Saturday, February 11, 2006

Bob Barr, Bane of the Right?

Reminiscent of Hitler on the Communists and the Jews.

Be afraid, be very afraid; the commies and the brown people are coming to get us, destroy our way of life. Oh My God! Stand up for the fatherland and the pure-blooded, magnificent white guys. 

Anyone want to bet that more people have been killed by car accidents in the last 5 years that by Al Qaeda?

Go ahead, brainless wonders of the Right; allow Bush, Cheney and company to suspend the Constitution, one amendment at a time.

Osama, wherever he is, is laughing his ass off at you guys. All he has to do is say, "boo," and you guys do more harm than he and Al Qaeda could ever imagine.

I don't believe I have ever in my life seen so many candy-asses, rallying around a couple of paranoid buffoons who have been complete and utter failures in making even a dent in terrorism. There have been more attacks world-wide, since Bush declared war on terror, a ridiculous concept in itself, than in all the years previously.

Where is bin Laden? Where is the Al Qaeda guy in Iraq?

Why do we have to run through airports in our socks while un-inspected cargo still makes it on to planes? What about those seaports? What about the trains? What about the nuclear and chemical plants that still go unprotected, because it would cost the corporations who own them too much money to secure them?

Here is one for you; why are the borders more porous than ever?

What have these guys done to earn anyone's faith and trust?

Their campaign slogan should be, "Wet your pants and vote for us, suckers!"

By Dana Milbank
Saturday, February 11, 2006; A02

You could find just about everything at the annual Conservative Political Action Conference this week: the bumper sticker that says "Happiness is Hillary's face on a milk carton," the "Straight Pride" T-shirt, a ride on an F-22 Raptor simulator at the Lockheed exhibit, and beans from the Contra Cafe coffee company (slogan: "Wake up with freedom fighters").

As of midday yesterday, a silent auction netted $300 for lunch with activist Grover Norquist, $275 for a meal with the Heritage Foundation president and $1,000 for a hunting trip with the American Conservative Union chairman. But lunch with former congressman Bob Barr (R-Ga.), with an "estimated value" of $500, had a top bid of only $75 -- even with a signed copy of Barr's book, "The Meaning of Is," thrown in.

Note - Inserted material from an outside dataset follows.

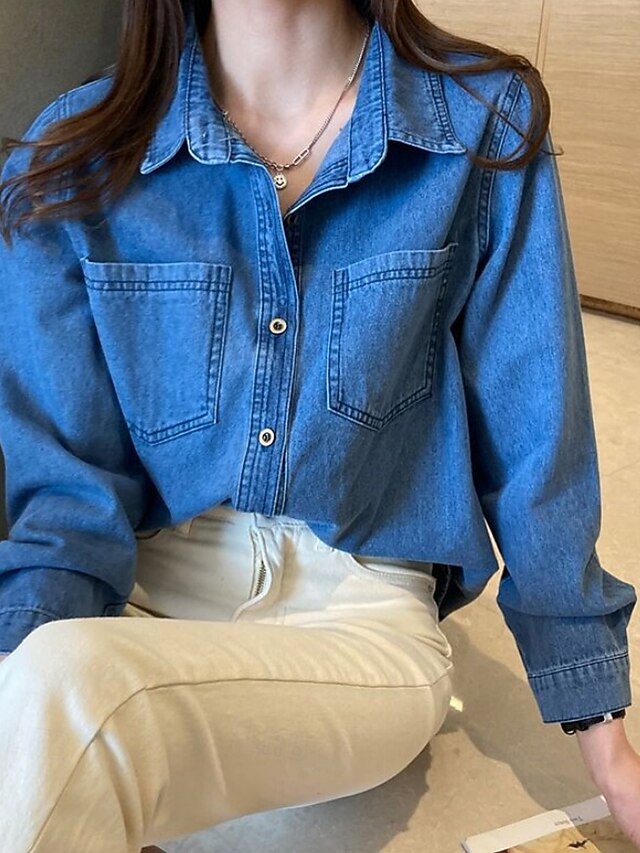Women's Shirt Blouse Pocket Buttons Plain Casual Long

No surprise there. The former Clinton impeachment manager is the skunk at CPAC's party this year. He says President Bush is breaking the law by eavesdropping on U.S. citizens without warrants. And fellow conservatives, for the most part, don't want to hear it.

"You've heard of bear baiting? We're going to have, today, Barr baiting," R. Emmet Tyrell, a conservative publisher, announced as he introduced a debate Thursday between Barr and Viet Dinh, one of the authors of the USA Patriot Act.

"Are we losing our lodestar, which is the Bill of Rights?" Barr beseeched the several hundred conservatives at the Omni Shoreham in Woodley Park. "Are we in danger of putting allegiance to party ahead of allegiance to principle?"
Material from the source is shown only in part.